Inception - Christopher Nolan: Shortly after winning his only Oscar nomination to date with his original screenplay Memento 10 years ago, Nolan came up with the concept for this startling and emotional story about dream invaders. It took a couple of enormously successful Batman films but Nolan finally got it made, winning that “dream” combination of rave reviews and blockbuster boxoffice. This would seem a certainty to earn him his next dance with Oscar.

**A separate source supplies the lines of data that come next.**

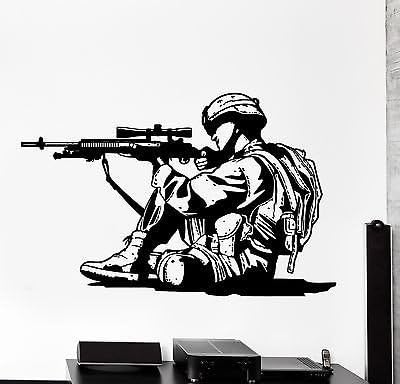 Wall Vinyl Marine Soldier Rifle M16 Guaranteed Quality Decal (z3449)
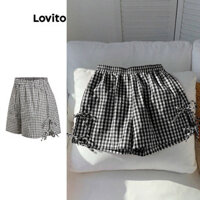 Lovito Quần short nơ kẻ caro giản dị dành cho nữ L108ED600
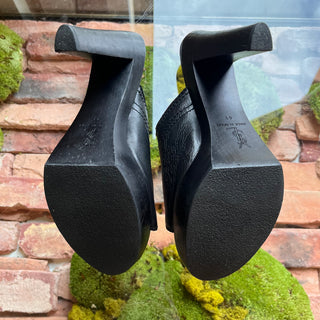 SAINT LAURENT Black Leather Wooden Platform Heels SZ 41 (US 11)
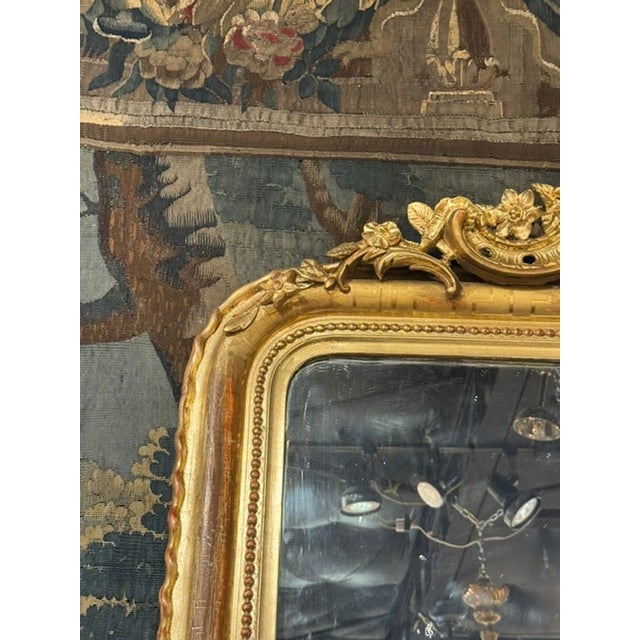 19th C. French Louis Philippe Mirror With Crest and Greek Key Pattern For Sale - Image 11 of 12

The Kids Are All Right – Lisa Cholodenko and Stuart Blumberg: Indie filmmaker Cholodenko wanted to go a little more commercial. And commercial filmmaker Blumberg wanted to go a little more indie. So the perfect combination was formed to write this family dramedy about a Lesbian couple with two teen kids whose relationship hits the rocks when their sperm donor suddenly flies in from the past. Winner of a NY Film Critics screenplay award and nominated for Golden Globes and CCMA honors, this is a rare comedy that could break through against its super serious competition.
The King’s Speech – David Seidler: Seidler, who had stuttering problems of his own as a kid, has been waiting 35 years to tell the story of the friendship between King George VI of England and his Australian speech coach, Lionel Logue. It’s been the longest journey of any screenwriter this year, but this WGA nominated writing veteran (Tucker: The Man and His Dream) is suddenly an “overnight” success and an Oscar frontrunner.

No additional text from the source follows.